On Wednesday, the service announced that it had acquired the rights to seven Black-led sitcoms from the ‘90s and 2000s. The Brandy-starring teen sitcom Moesha, which aired on UPN in the late '90s, will kick things off on August 1, with the first three seasons of The Game to follow on August 15. Disney Channel classic Sister, Sister and the long-running Aughts series Girlfriends are set to join in September, with The Parkers, Half and Half, and One on One rounding out the shows in October.

Netflix revealed the lineup in a brief video posted to its Strong Black Lead Twitter account, with stars from each of those shows — including Tracee Ellis Ross, Tia Mowry, Pooch Hall, and more — reciting classic lines and sharing details. The only of these I’ve seen is Sister, Sister — which every bit deserves the formative Disney series nostalgia as its white-led counterparts — but I’ll definitely be making an effort to change that this fall.

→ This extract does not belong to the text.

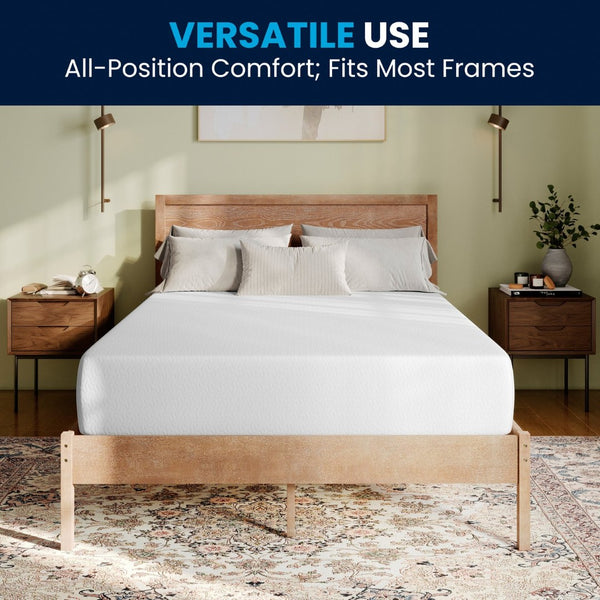 English Elm Cloud Green Tea Cooling Gel Memory Foam Mattress - 10" Compressed Design for Ultimate Comfort & Support White Full CL-MFB4L-10-F-GG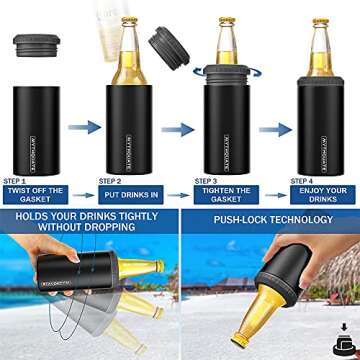 3 in 1 Slim Can Cooler - Keep Drinks Cold for Hours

Streaming service catalogs are in many ways savvy marketing and reflective of broader algorithmic demands, but intention is almost beside the point when it comes to spotlighting hard-to-find, popular Black series of decades past. Their libraries have proven to be one of the only markers of canon-building for a large bulk of the population, so it's incredibly valuable for these shows to find new audiences or become widely available for rewatching. There's an immense gulf of TV history that's been lost in translation to streaming, so it’s encouraging to see services move toward restoring Black stories that weren’t easy to watch — or in the case of some Criterion Channel additions, unavailable altogether — until this year. Hopefully this is just the beginning.